Faeta ripercorre i cimiteri di oggi trovando le pratiche di
un tempo profondamente cambiate: le cappelle familiari sono costruite secondo
regolamenti, non mimano più la casa del defunto ma lo sono, essendo a tutti gli
effetti delle piccole case. Si è passati dalla tomba come luogo di memoria, al
monumento, oggetto che invece indirizza l’attenzione su se stesso come simbolo
rappresentativo. L’insieme di atti spontanei presenti qualche decennio fa, ora
sono inibiti a causa della soglia chiusa delle cappelle familiari, che
permettono l’ingresso solo attraverso il possesso delle chiavi da parte di un
parente. “ciò comporta la perdita della dimensione estesa e corale dell’attività
commemorativa e la sua compressione in unità temporali di carattere eccezionale
e ristretto” [pag. 230]. Non vi sono più simboli del viaggio in quanto lo
statuto della morte è cambiato da l’idea di una navigazione a quella di una
stabile e sicura residenza.
L’autore cita alcuni passi di Aleida Assmann riguardo la
memoria culturale che ha il suo centro nella commemorazione dei morti, da
questa affermazione Faeta si interroga sul cambiamento delle prime il
conseguente mutamento delle seconde: “la commemorazione dei morti ha una
dimensione religiosa e una laica, che è possibile identificare rispettivamente
nella pietas e nella fama” [pag. 237] la prima è il dovere
dei vivi di mantenere acceso il ricordo dei defunti per conservare stabili le
relazioni che legano i due mondi, la seconda rappresenta il bisogno di
garantire le condizioni di predominio di un gruppo sull’altro, di egemonia. Secondo
l’autore le modificazioni della commemorazione calabrese hanno attenuato la pietas e enfatizzato la fama. “Il discorso funebre s’indirizza
oggi sempre più alla comunità dei vivi e tende a celebrare, indirettamente, attraverso
l’imponenza del monumento e la sua puntuale aderenza al modello della casa. (…)

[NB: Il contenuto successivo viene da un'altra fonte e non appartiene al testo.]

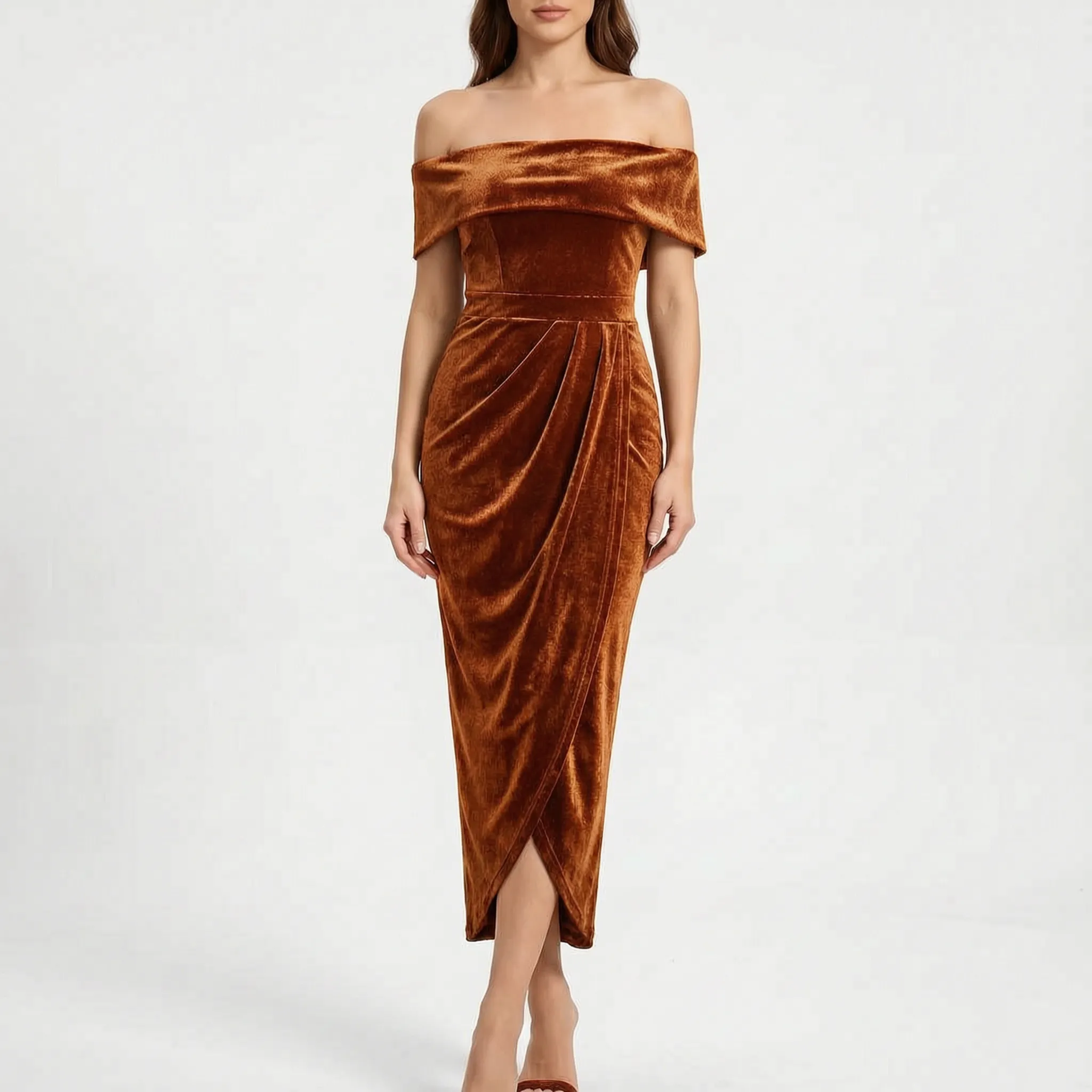 Velora - Off-Shoulder Ruched Midi Dress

Occorre essere in prima persona, in quanto membri autorevoli e dominanti,
sacerdoti di quella memoria. Bisogna piegare la prassi cattolica a un uso
civile della memoria” [pag. 238].
Infine Faeta si sofferma sull’immagine del defunto, che “appare
meno direttamente coinvolta nel regime cerimoniale di quanto non lo fosse in
precedenza” [pag. 239].
In conclusione i mutamenti che si sono affermati si manifestano mediante un nuovo
atteggiamento culturale: “la riduzione della condizione parossistica del
dolore, il suo controllo, la tendenziale eterificazione della condizione
luttuosa” [pag. 240]. È, dunque, una memoria placata e con ciò permanente,
custodita all’interno del monumento “sempre pronta a rimettere il defunto
dentro le configurazioni molteplici e cangianti del gioco sociale” [pag. 240].